Scurrah’s contacts with the Queensland government were also instrumental in negotiating a deal which saw the state inject $200m into Virgin.
Those deals done, Bain needs to do whatever it takes to make its investment work.
Bain issued a statement on Thursday that its strategy for running Virgin had not changed.
“While this year has been the toughest in global aviation history … there has been no change to the strategy Virgin Australia announced in August, when the company outlined its plans to protect thousands of jobs, invest in technology and honour all employee entitlements,” Bain said in a letter to unions. “So far we have invested $3.5bn into Australia through our acquisition of Virgin Australia.
“Jayne, Bain Capital and the Virgin management team are very aligned in our views that Virgin will not be repositioned as a low- cost carrier.
“Virgin Australia will be a ‘hybrid’ airline offering great value to customers by delivering a distinctive Virgin experience at competitive prices.”
Exactly what “hybrid” means is in the eye of the beholder, but it is understood Hrdlicka has no plans to turn Virgin into a low-cost carrier. She will also retain the airline’s domestic lounge network, albeit one which is expected to be lower frills.
The Transport Workers Union lashed out on Thursday, declaring that Scurrah’s departure and Virgin’s statement about being a hybrid carrier would allow Qantas to become a virtual monopoly in Australia.

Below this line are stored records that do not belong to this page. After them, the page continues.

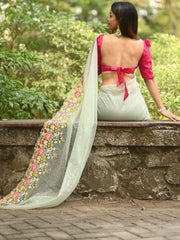 Magnificent Light Green Sequins Embroidered Satin Party Wear Saree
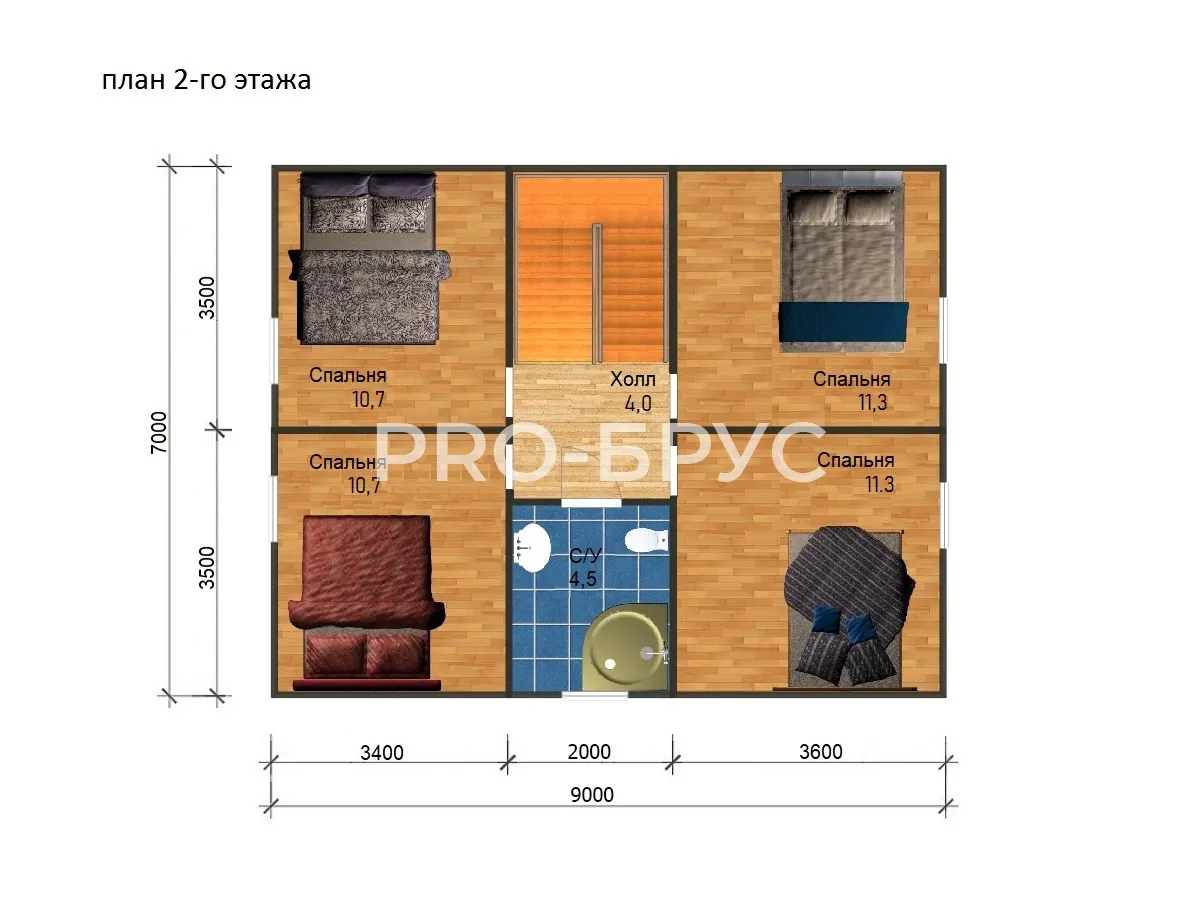 Проект дома из бруса - 9х7 - «Воскресенск» - 106 м² - планировка второго этажа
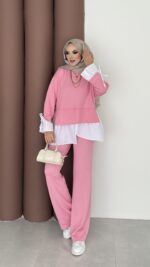 Gömlek Detaylı Oysh Takım - Pembe - Görsel 3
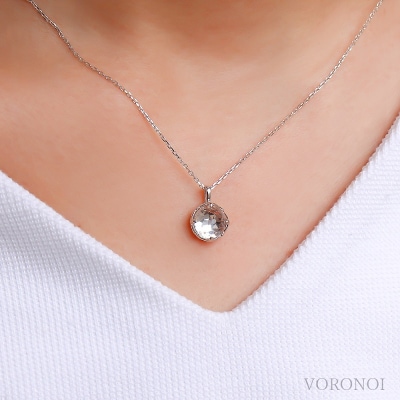 K10WG クリアクォーツ フラワーカット ネックレス MINAMO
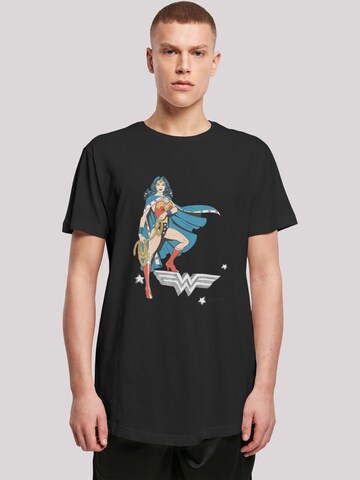 F4NT4STIC T-Shirt 'DC Comics Wonder Woman Standing Logo' in Schwarz: predná strana
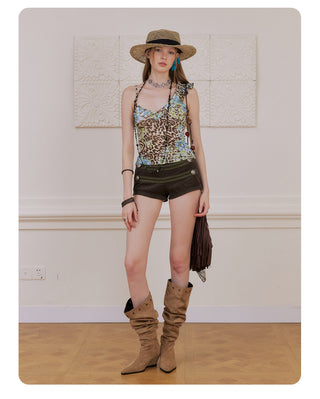 [NECY] American Blue Leopard Unbalanced Tank Top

TWU national secretary Mike Kaine said Virgin was “in turmoil”, accusing Bain of being misleading in its public plans for the airline in what could be “one of the biggest corporate swindles in Australian history”.

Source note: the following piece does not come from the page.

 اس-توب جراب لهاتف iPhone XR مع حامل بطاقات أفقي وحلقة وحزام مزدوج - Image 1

He lashed out Bain, declaring that it had “not made a good start” and was involved in “backroom deals which were not in the public interest”, overseeing an airline industry in Australia where Qantas was now “able to call all the shots.”

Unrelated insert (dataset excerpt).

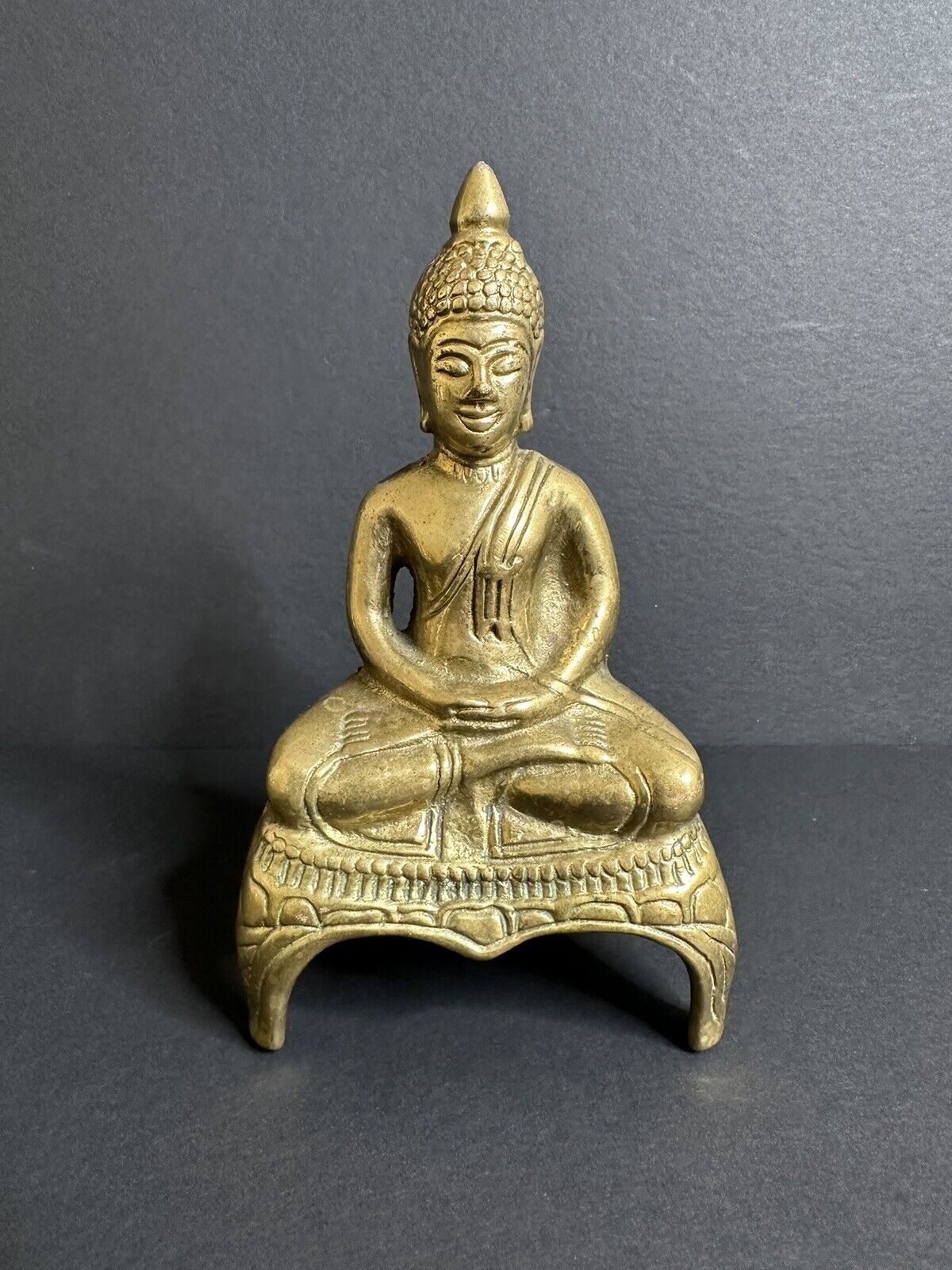 Vintage Brass Buddha Old World Statue Figurine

Hrdlicka’s first challenge may well be handling the unions.
But with the economy in recession and thousands of jobs being lost in the airline industry, there will be a limit to what the unions can do.
In her time at Qantas, Hrdlicka trained under a very hard nosed Joyce who was prepared to ground the airline in 2011 after a dispute with the unions.
Observers describe Hrdlicka as capable of great charm, but also pragmatic.
Lean and fit, she has had a long interest in tennis. She was known to schedule morning meetings during her tenure at A2 Milk to ensure she had her daily workout and encouraged staff to do the same.
She was born in Kansas to a Czech-born father who migrated to the US in 1948. She graduated from Colorado College with a degree in maths and economics before doing an MBA at the Tuck School of Business at Dartmouth College. She worked at management consulting firm Bain (different from private equity firm Bain Capital) first in the US and then in Australia from 1994.
She joined Qantas in 2010 before taking over as the third CEO of Jetstar in July 2012.
Hrdlicka’s time as chief executive of a2 began in early 2019 and ended much sooner than many expected with an announcement in December that she would be stepping down.
Hrdlicka blamed her departure on the fact that the job involved much more travel than she had envisaged including regular trips to New Zealand and China.
But she also clashed with chair David Hearn over the company’s strategy. Announcing her early departure, she also made reference to the “health and wellness priorities” of her family, a reference believed to be to her husband’s treatment for cancer.